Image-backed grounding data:
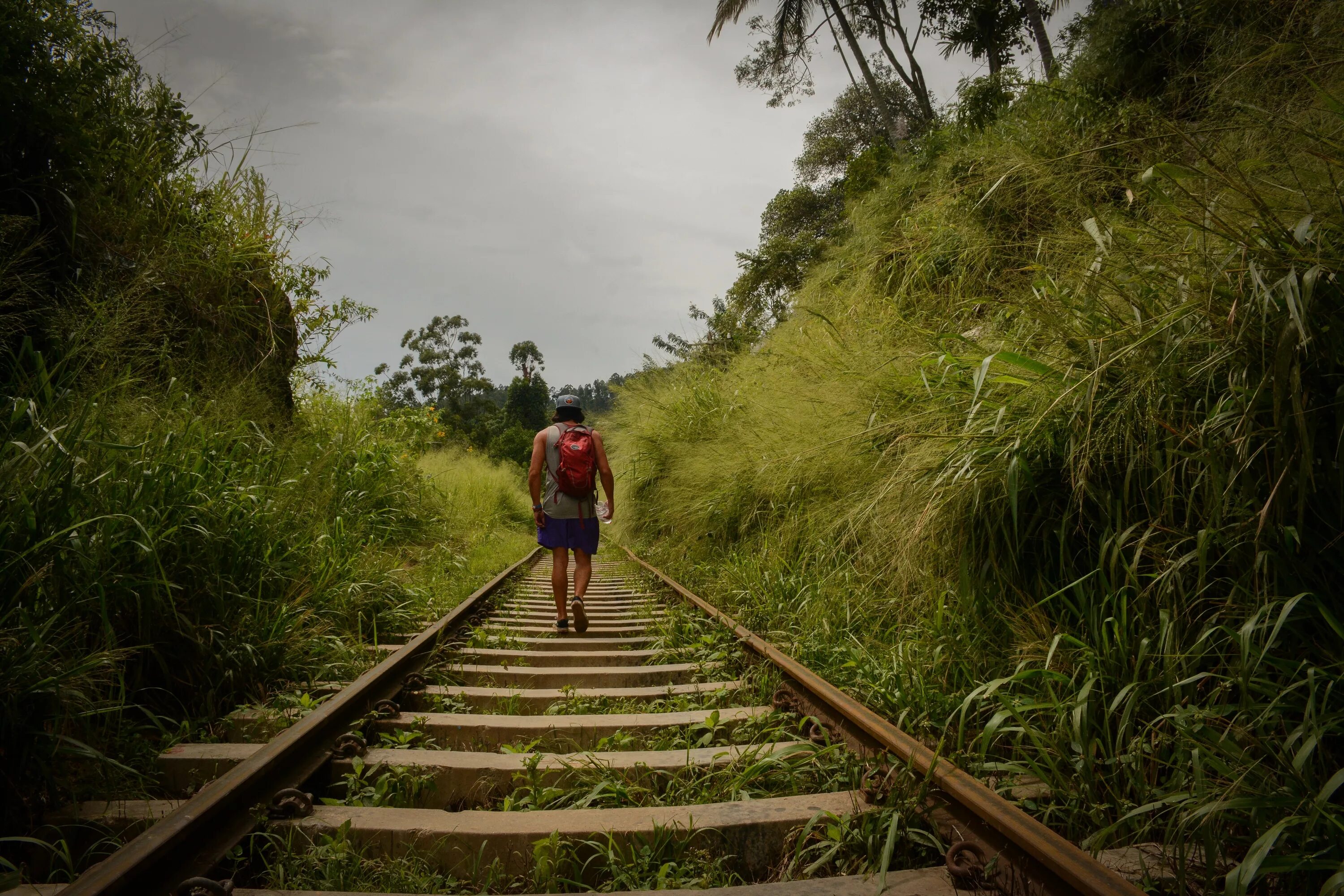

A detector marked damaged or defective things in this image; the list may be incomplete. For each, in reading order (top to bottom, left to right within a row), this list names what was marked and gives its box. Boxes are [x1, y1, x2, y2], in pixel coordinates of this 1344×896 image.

rusty rail [58, 548, 540, 896]
rusty rail [624, 548, 1140, 896]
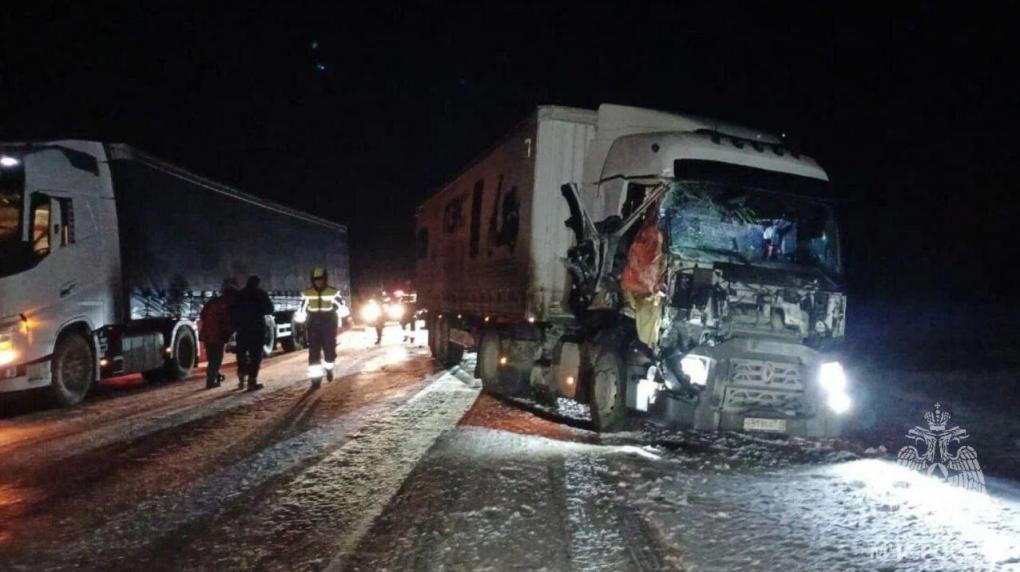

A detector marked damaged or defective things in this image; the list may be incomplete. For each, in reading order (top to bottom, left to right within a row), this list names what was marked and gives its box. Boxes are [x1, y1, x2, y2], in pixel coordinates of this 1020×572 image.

damaged semi truck [418, 105, 848, 432]
broken windshield [665, 179, 840, 275]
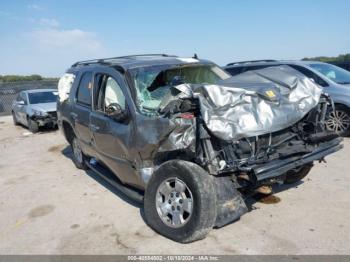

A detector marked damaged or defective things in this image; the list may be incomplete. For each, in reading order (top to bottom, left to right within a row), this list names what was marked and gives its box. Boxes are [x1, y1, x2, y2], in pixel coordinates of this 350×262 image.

damaged gray suv [56, 54, 342, 244]
crumpled hood [160, 65, 322, 141]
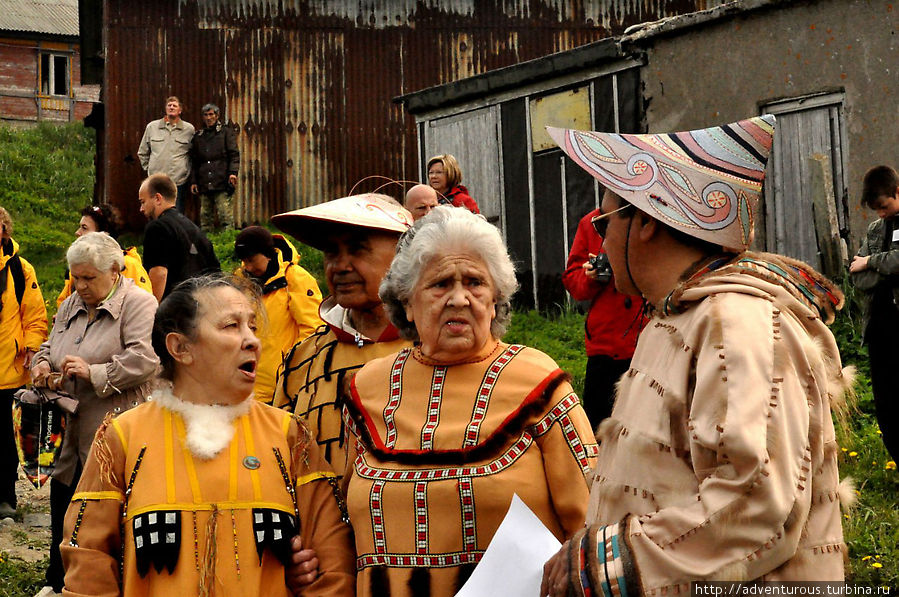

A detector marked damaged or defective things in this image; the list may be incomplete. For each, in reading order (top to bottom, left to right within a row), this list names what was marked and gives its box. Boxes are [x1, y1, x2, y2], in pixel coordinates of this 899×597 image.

rusty corrugated metal wall [102, 0, 728, 228]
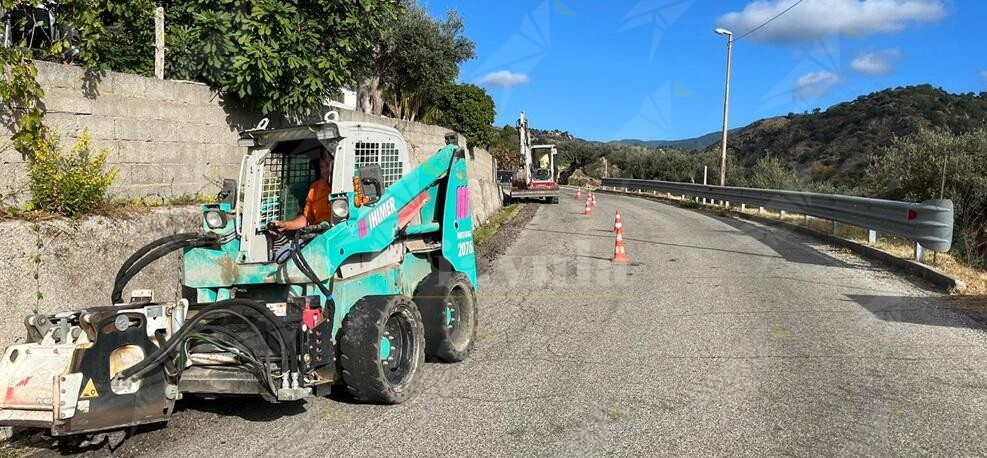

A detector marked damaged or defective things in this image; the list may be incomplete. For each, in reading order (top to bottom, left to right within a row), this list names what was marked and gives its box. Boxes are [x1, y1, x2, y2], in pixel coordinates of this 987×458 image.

cracked asphalt road [29, 189, 987, 454]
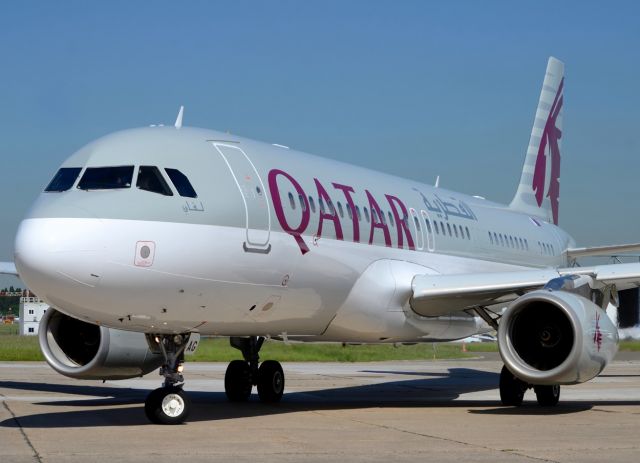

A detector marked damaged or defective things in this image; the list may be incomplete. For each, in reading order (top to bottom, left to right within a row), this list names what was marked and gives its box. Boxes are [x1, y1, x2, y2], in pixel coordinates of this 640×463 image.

pavement crack [2, 400, 43, 462]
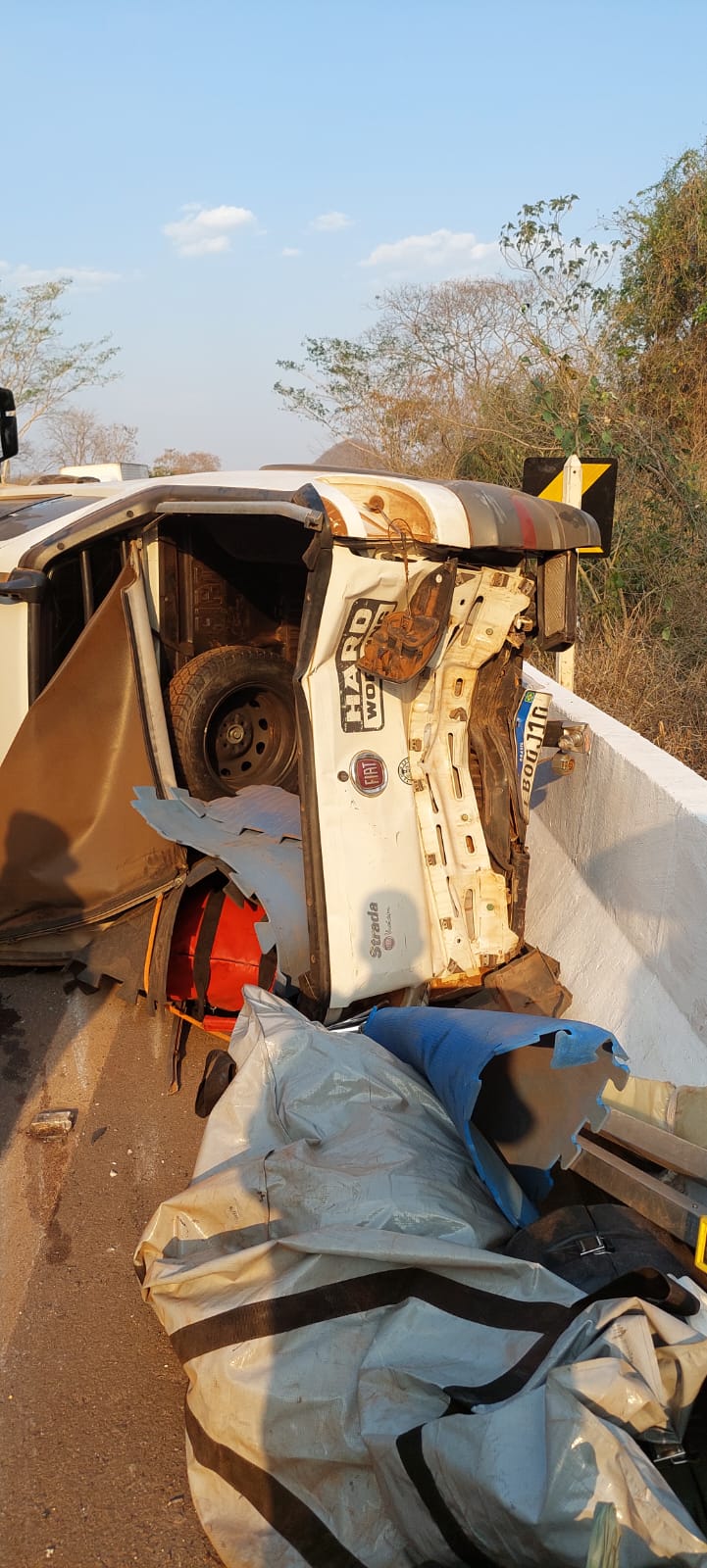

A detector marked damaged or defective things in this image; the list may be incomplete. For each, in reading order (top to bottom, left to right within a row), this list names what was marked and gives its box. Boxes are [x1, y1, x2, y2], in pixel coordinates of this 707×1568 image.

crumpled vehicle door [0, 553, 184, 968]
torn gray tarpaulin [133, 780, 308, 980]
exposed spare tire [165, 647, 298, 804]
overturned white pickup truck [0, 459, 600, 1011]
damaged truck cab [0, 466, 600, 1019]
torn gray tarpaulin [361, 1004, 628, 1223]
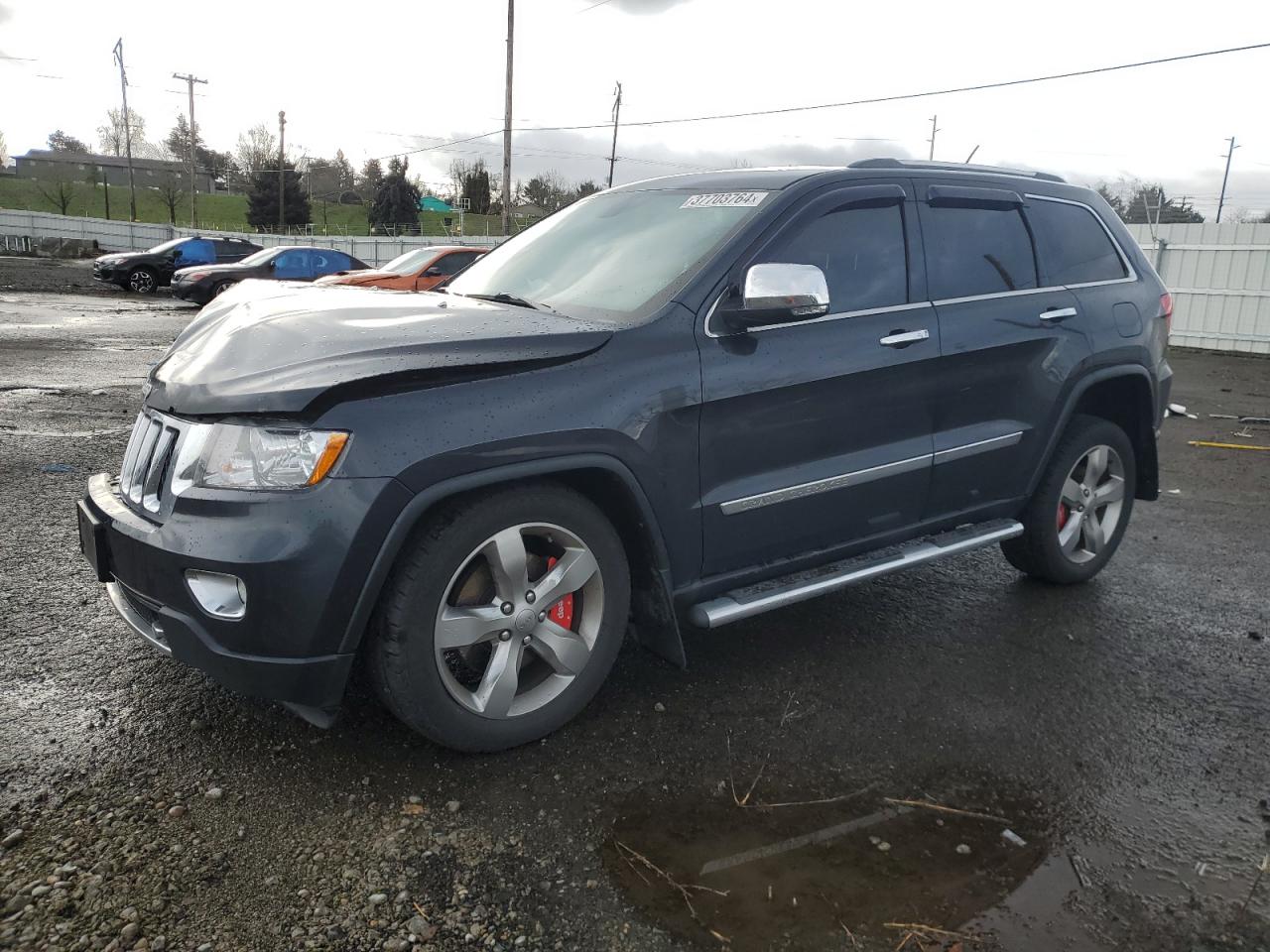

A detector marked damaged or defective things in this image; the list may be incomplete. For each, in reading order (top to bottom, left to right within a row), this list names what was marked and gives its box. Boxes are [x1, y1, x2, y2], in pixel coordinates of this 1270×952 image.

damaged hood [147, 280, 611, 413]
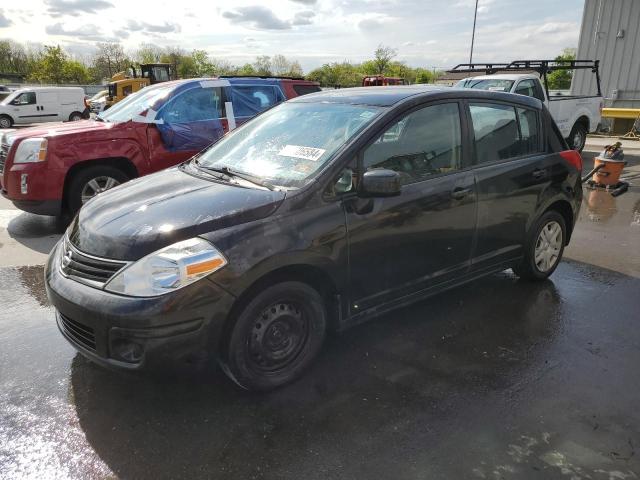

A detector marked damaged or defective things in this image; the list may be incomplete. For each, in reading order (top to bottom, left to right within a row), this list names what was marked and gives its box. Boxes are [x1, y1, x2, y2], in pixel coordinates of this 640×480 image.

damaged red suv [0, 76, 320, 216]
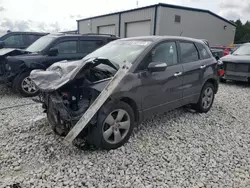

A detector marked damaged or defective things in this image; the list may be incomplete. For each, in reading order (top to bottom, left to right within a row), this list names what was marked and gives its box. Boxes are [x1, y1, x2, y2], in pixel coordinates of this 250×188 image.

headlight area damage [28, 58, 118, 139]
crushed hood [29, 57, 118, 92]
damaged gray suv [30, 36, 219, 149]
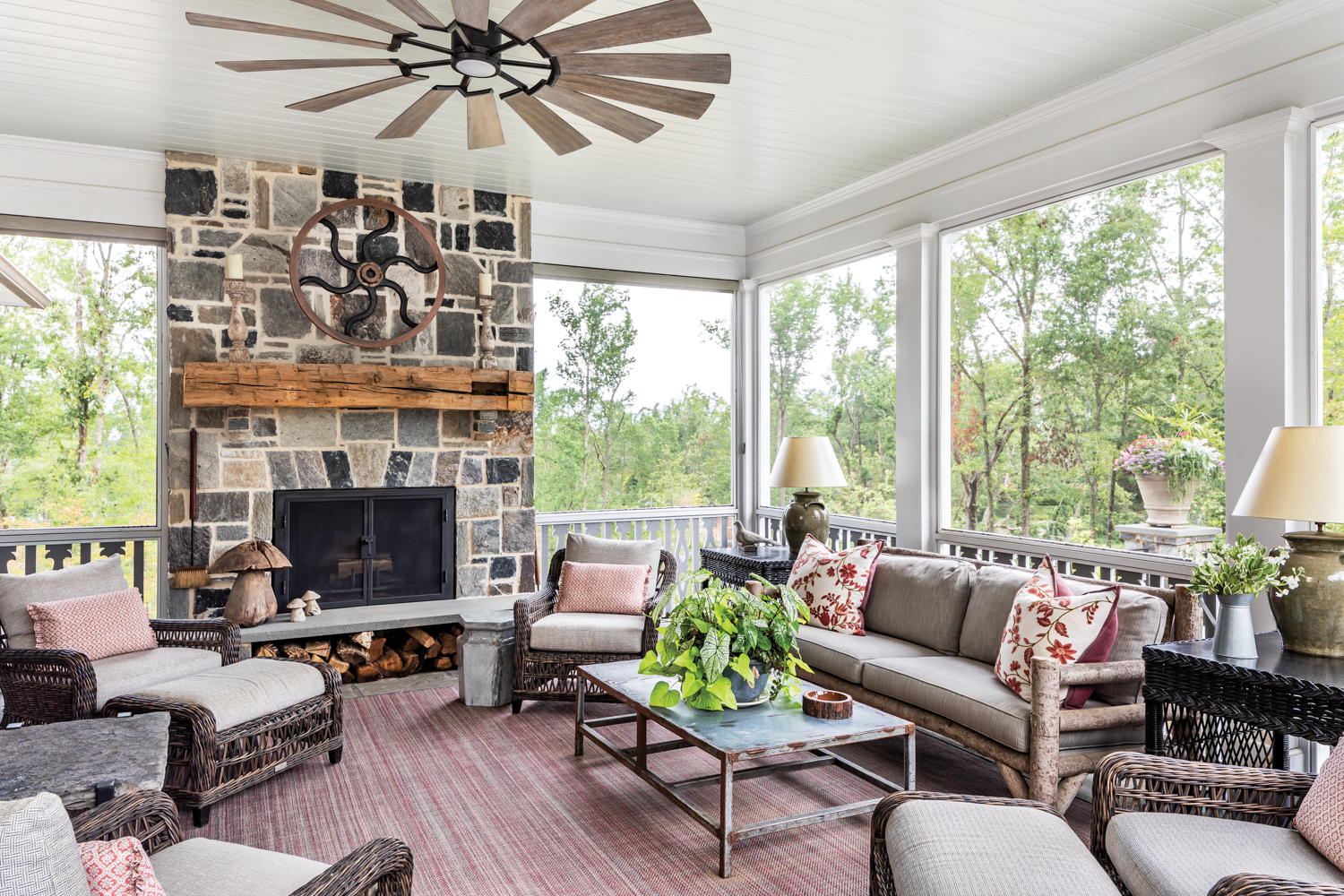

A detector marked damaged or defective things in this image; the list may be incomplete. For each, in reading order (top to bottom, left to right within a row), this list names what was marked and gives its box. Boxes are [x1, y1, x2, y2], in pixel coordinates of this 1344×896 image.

rusty metal wagon wheel [288, 197, 446, 349]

- EXERCISE OBJECTIVE -
Would you give again, exactly as written, the lines from the one containing "this 250×188 image." through the end of the records, with no pictures and no other lines?

- RESPONSE TO THE TASK -
A detector marked damaged or defective things in this image; the list may be incomplete. For each, in reading order (top to bottom, left to right within a row), this list names what was marked and gives its box. Boxes are [x1, y1, x2, y2], in pixel coordinates of this 250×188 image.

headlight area damage [28, 58, 118, 139]
crushed hood [29, 57, 118, 92]
damaged gray suv [30, 36, 219, 149]

A detector marked damaged or defective things in this image; the list may be incomplete. For each, in reading order (top to bottom, left to right within a row), this list names what was marked and gives its box. Boxes are [x1, y1, x2, y2], in pixel coordinates of this 1344×896 image.

rusty metal wagon wheel [288, 197, 446, 349]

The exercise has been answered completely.